• WHAT TO DO: Reproduce the listing below exactly, minus its pictures.

# # #

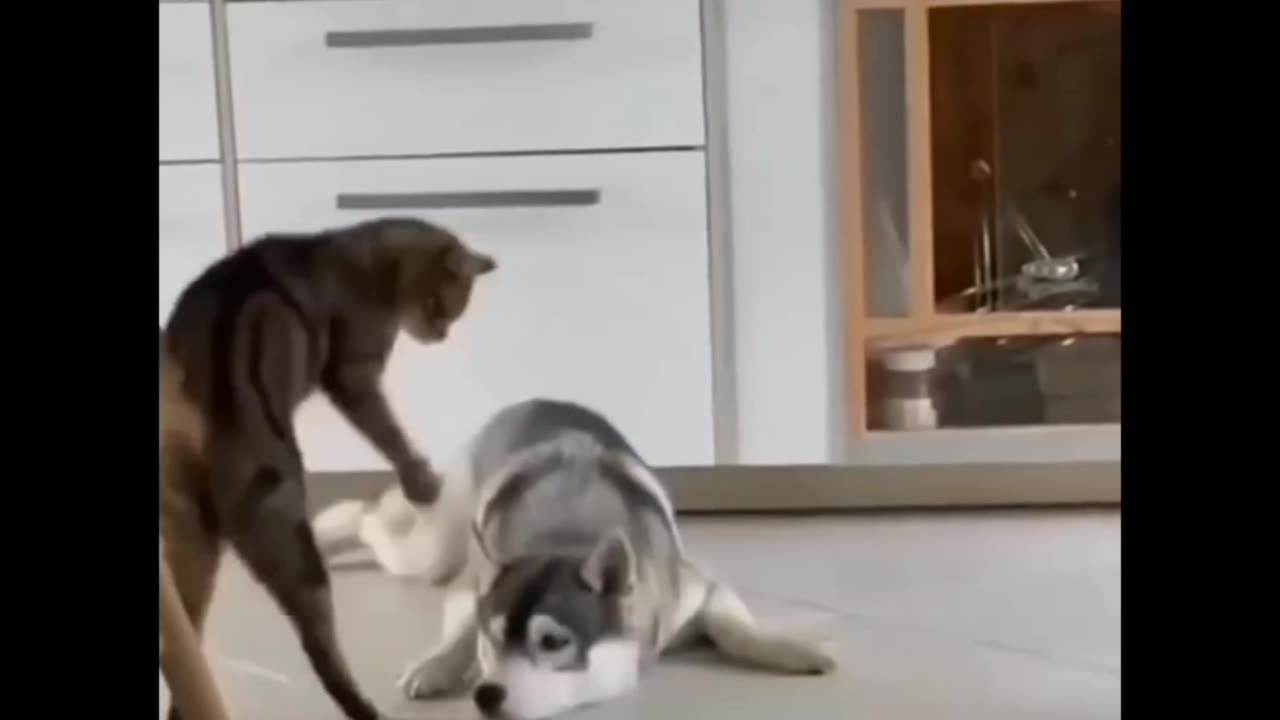 Unlikely freindship cat and dog cute 💕💕 love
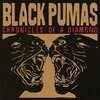 BLACK PUMAS – chronicles of a diamond (CD)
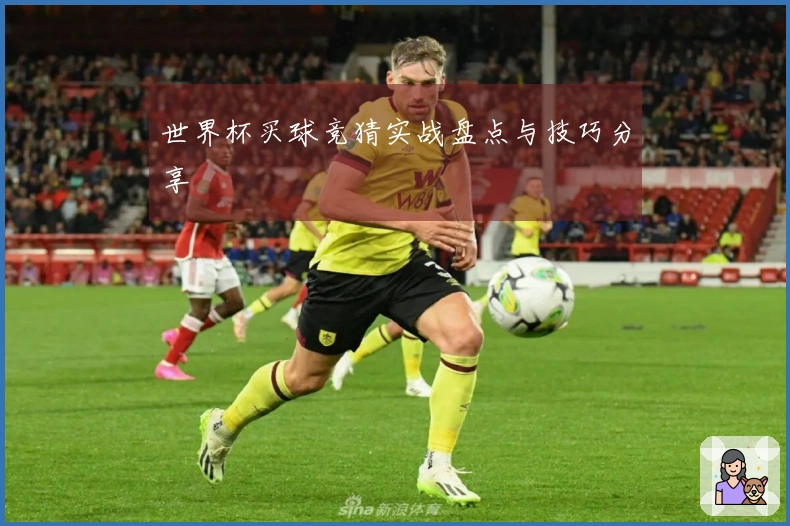 世界杯买球竞猜实战盘点与技巧分享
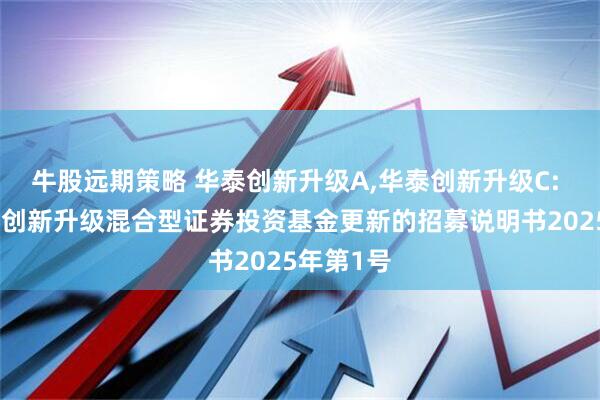 牛股远期策略 华泰创新升级A,华泰创新升级C: 华泰柏瑞创新升级混合型证券投资基金更新的招募说明书2025年第1号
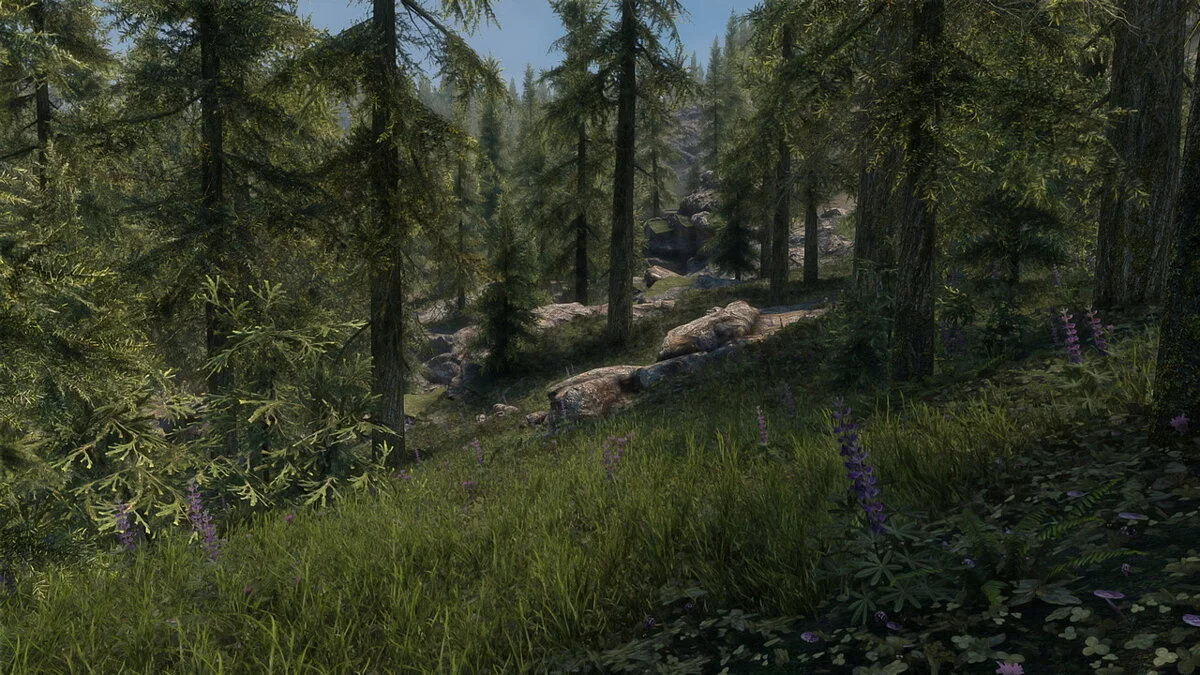 Elder Scrolls 5: Skyrim Special Edition — Сезонные пейзажи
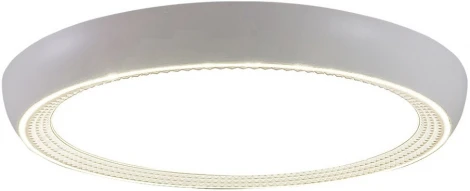 Потолочный светильник Seven Fires Санни 48019.50.90.77CL-RGB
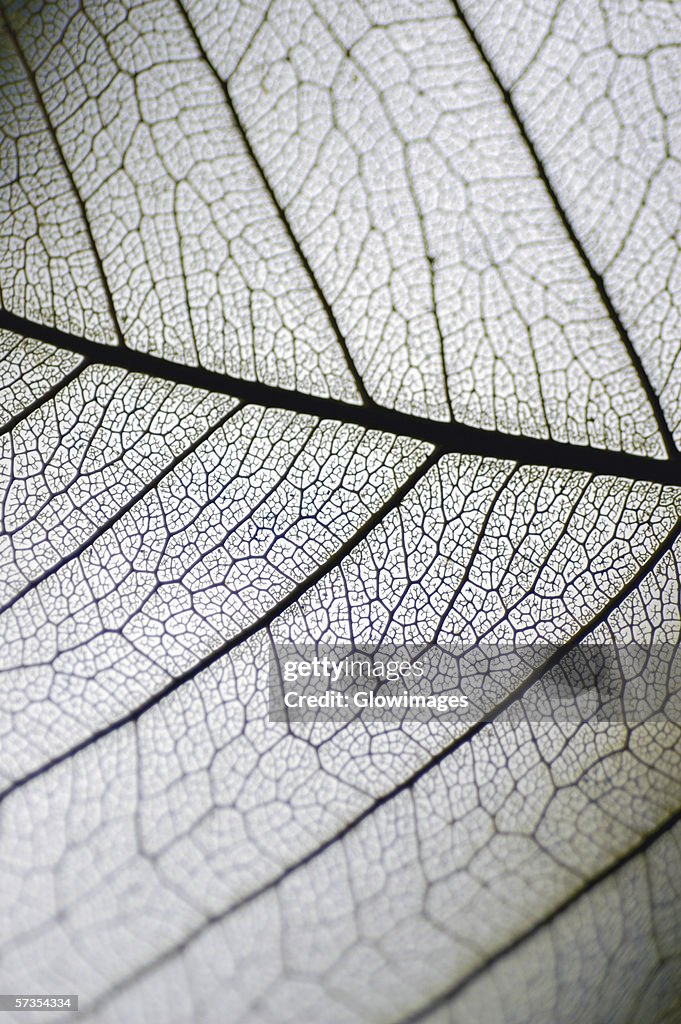 Close-up of a dried leaf vein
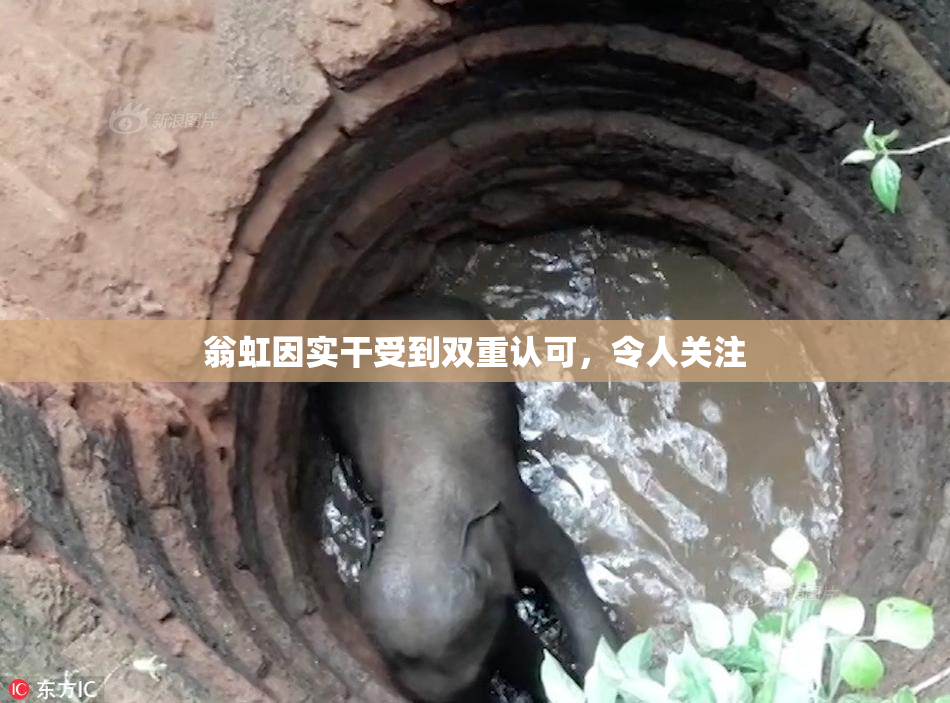 翁虹因实干受到双重认可，令人关注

# # #

• EXPECTED ANSWER:
 Unlikely freindship cat and dog cute 💕💕 love
 BLACK PUMAS – chronicles of a diamond (CD)
 世界杯买球竞猜实战盘点与技巧分享
 牛股远期策略 华泰创新升级A,华泰创新升级C: 华泰柏瑞创新升级混合型证券投资基金更新的招募说明书2025年第1号
 Elder Scrolls 5: Skyrim Special Edition — Сезонные пейзажи
 Потолочный светильник Seven Fires Санни 48019.50.90.77CL-RGB
 Close-up of a dried leaf vein
 翁虹因实干受到双重认可，令人关注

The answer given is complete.